I am complicit in this trend. I have been a regular attendee of ASP meetings since 2002, and only recently have I taken an effort to recognize this imbalance and speak out. I present these statistics not to cast judgement, but to rally my fellow male colleagues. Be vocal. It is not sufficient to simply believe in equal opportunity. Belief without action is complicity. I suggest a few action items:


  • Tabulate the male/female speaker ratio for other societies with which you are involved. Start a conversation based on those results.

  • If you are invited to speak at a conference, be sure that the organizers have an appropriate gender balance. If not, work with them to offer your slot to a fellow female scientist.

  • Stand up. Speak out. Whether at a conference, at lunch, in lab, or on social media, young males need positive role models. Be proud about being proactive.


In collaboration with Dr. Nadine Ziemert (University of Tübingen) and several others, we created a resource for conference organizers who are seeking to invite plenary speakers to natural products meetings. Similar to the Women in Microbiome Research list, we started a Women in Natural Products Research Google Document. The list is curated by the two of us, is currently populated with nearly 150 scientists, and names can be added or removed from the list upon request. It clearly shows that there is no shortage of qualified female speakers in our field. 

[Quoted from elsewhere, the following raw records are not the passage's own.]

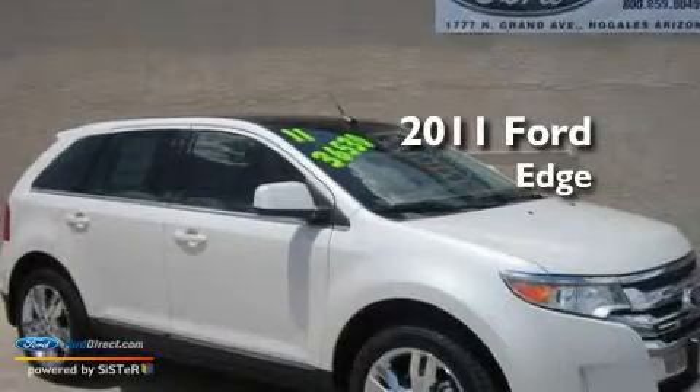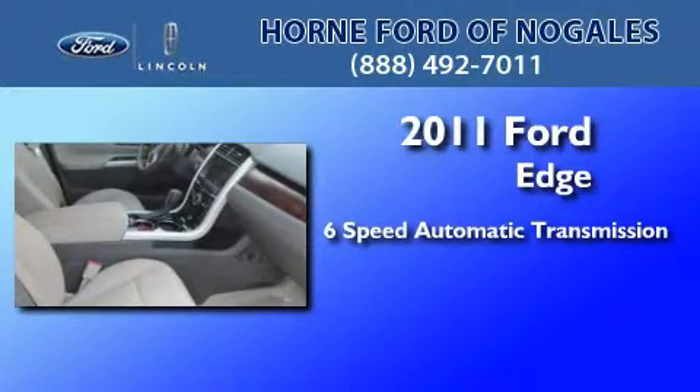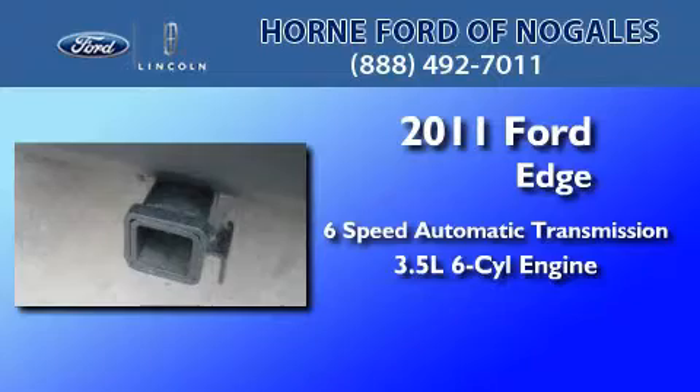This is a brand new 2011 Ford Edge. This crossover has a 6-speed automatic transmission and a 3.5-liter V6.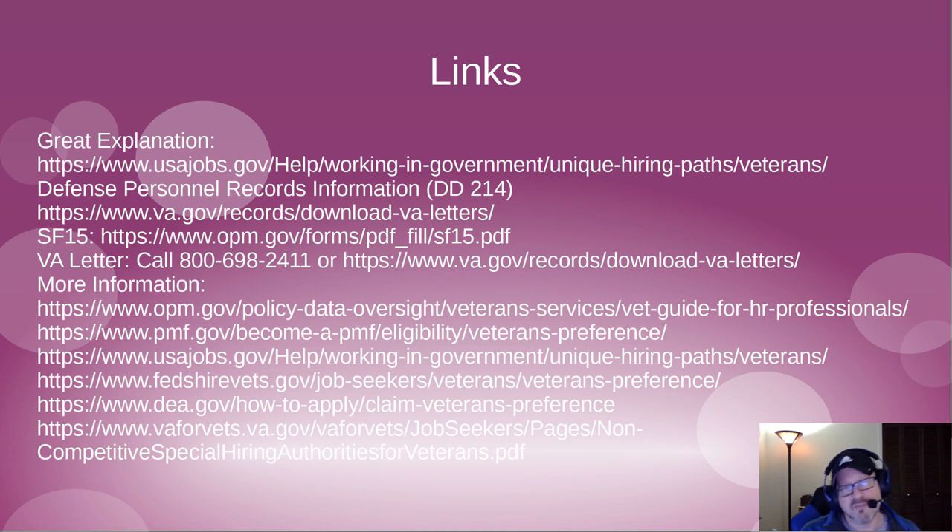Veterans preference is a complicated topic and a video may not be enough on its own. I'd highly encourage checking out the links I've provided, including the official government explanation on USAJobs.gov, the Defense Personnel Records website to get your DD-214, the link for the SF-15 form, and the VA phone number and website. I'll have more videos on this type of content in the future — don't forget to like and subscribe.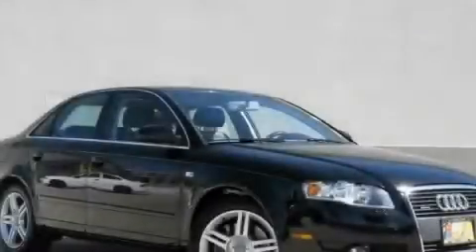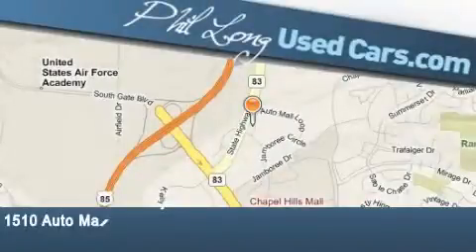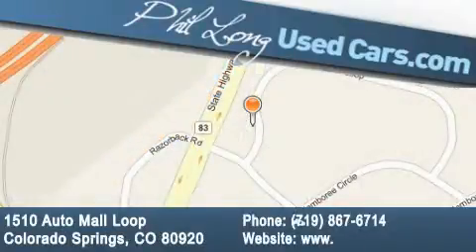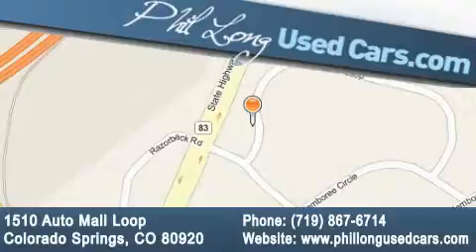Contact us today to arrange your test drive. Phil Long Used Cars is located at 1510 Auto Mall Loop in Colorado Springs. Our goal is to exceed all of your expectations to ensure that you'll return for future visits.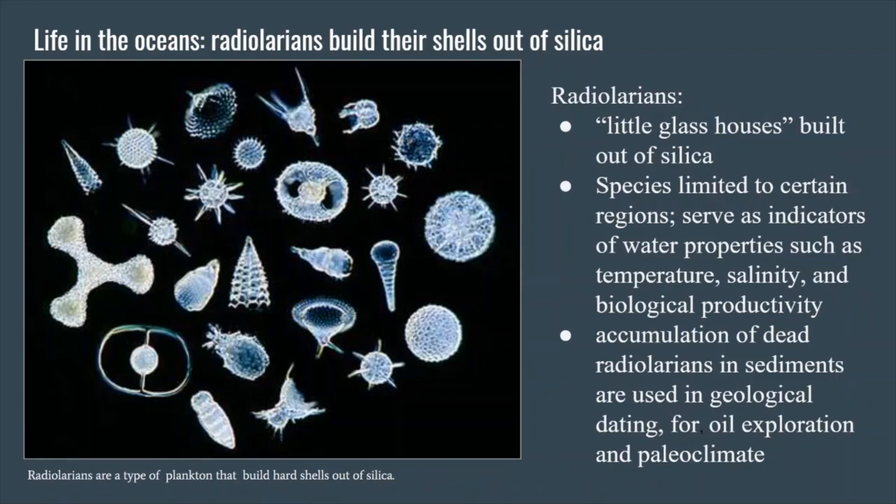Here's an example of another type of planktonic organism called radiolarians. They also build little glass houses — they use the element silica. Silica is an element that is abundant in rocks and minerals — it's the most abundant element in the earth's crust. It's important to recognize that these critters living in the ocean need to get the silica from somewhere, so that has to come from rocks: either rocks erupting on the ocean floor or material that's blown in from the air or brought in by rivers.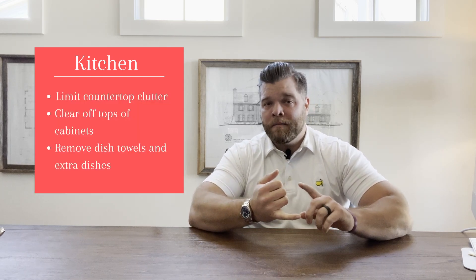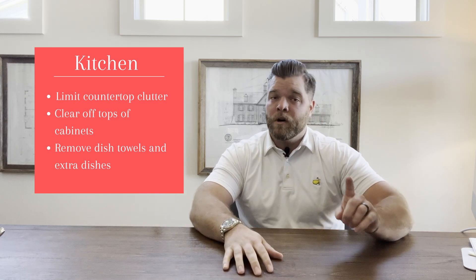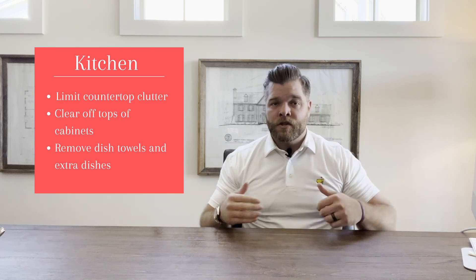This also translates into the kitchen. If you have a lot of items on your countertops — and this is what we tell potential sellers — you might want to leave maybe the butcher block of knives, a couple of cooking utensils, and one coffee maker off to the side. Clear off all your dishes and dish rags and put them away. What we're doing here is allowing that potential buyer to see themselves in your space. This also means taking things off the top of the cabinets, whether it's dishes or pottery. Ultimately, we don't want them distracted — we want to help them see the space.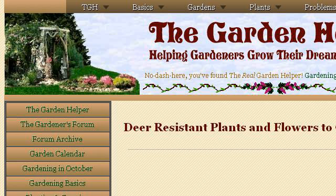Is www.thegardenhelper.com. See the page titled Deer-Resistant Plants, Trees, Plants and Flowers that Deer. This is the link.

Finally, the struggle for equality does not stop at gender. It is wise for the ASP to join a slowly sobering nation and make efforts to enhance opportunities for underrepresented minorities as well, so that bridges exist from neighborhood to lab, and from lab to podium. Our field will benefit. Decades of research have shown that diverse groups of people are more innovative than homogenous groups; just a few summaries were compiled in the Harvard Business Review and Scientific American (here and here). Our ASP, which is filled with kind hearts and open minds, would greatly benefit from amplifying this diversity, which has traditionally been relegated to members of the audience.


*Addendum, 10/10/2019. At the time the above article was written, the 2018 conference had not taken place. Conference organizers made attempts to improve the speaker ratio. 2019 stats were recently calculated and added, and reflect the results of direct action by ASP members and conference organizers.